On Windows 8, support for my HP network printer is built-in, and I don't need to do anything to be able to print to it. On 7 however, it seems I need to download a driver. HP's "basic" driver is anything but basic, and I would prefer not to deal with it. So is there any way for me to print to my network printer without dealing with HP's driver suite?
The most easy way to get your Printer working as Network Printer is to do the following: share the Printer on that computer where it is installed (if it's not connected to the network via NIC) open the File Manager in W7 click on the Network Tab if the printer is connected directly via NIC you'll 'see' the Printers ID if not via NIC, (double) click on the Computer ID where the printer is installed and you should 'see' the Printer ID if via NIC, (double) click the Printer ID and it will ask for the location of the driver and you should point to the drivers location (I've all drivers in an folder called Driver) and it will install the required drivers if via other computer, (double) click the printer ID of that computer and it will install the driver automatically if same Platform (32bit or 64bit) or ask for the drivers location (see: 6.) That's all and should work with no problems!

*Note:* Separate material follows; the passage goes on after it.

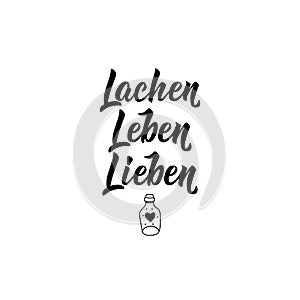 German text: Laugh, live, love. Lettering. Banner. calligraphy vector illustration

Ended up figuring something out Control Panel\All Control Panel Items\Devices and Printers > Add a printer > Add a network, wireless or Bluetooth printer > The printer that I want isn't listed > Add a printer using a TCP/IP address or hostname > Device type: TCP/IP Device Hostname or IP address: (IP of printer) Port name: (should auto-fill to the IP listed above; could probably use 3911 also) [x] Query the printer and automatically select the driver to use Have Disk... Browse... (find printer driver folder) Install the driver and that's it. For the driver folder, I downloaded HP's basic driver for my printer (it's a ENVY 4500), and extracted it to a folder via 7-Zip. I chose the printer without problem, and it worked fine afterwards. My printer uses a static IP, so this should work fine for long-term, but I'm unsure what would happen if the printer's IP changes.
Oh I already have the printer working; I just have it set to a static IP. On 7, since (with the instructions I followed above) you have to specify a static IP; I'm not certain what Windows would do if the printer had its IP change (probably just report an error or something). I just left that note there for anyone else who happens to stumble upon this page You could probably just pull up the printer IP also via the printer's own interface (the printer I have displays it on Wireless preferences), or via router settings. Unrelated, but do you really have 200+ clients connected to your router to need that 252 DHCP limit? On my particular setup, I have maybe less than 10 devices that will ever need a DHCP-assigned IP, so I just have it set to 25 just-incase But my major devices (printer, media server, NAS, etc) all have static IPs all above the range of DHCP.
About the red: No, you don't need! It's just that some device drivers set the IPS to an specific range which may exceeds those range you've set in your router! If set to the full range, you didn't have to think about. That works best in case you often ad and/or remove devices which need to work with IP's. That also works well for those devices which have an floating IP instead of an fixed IP.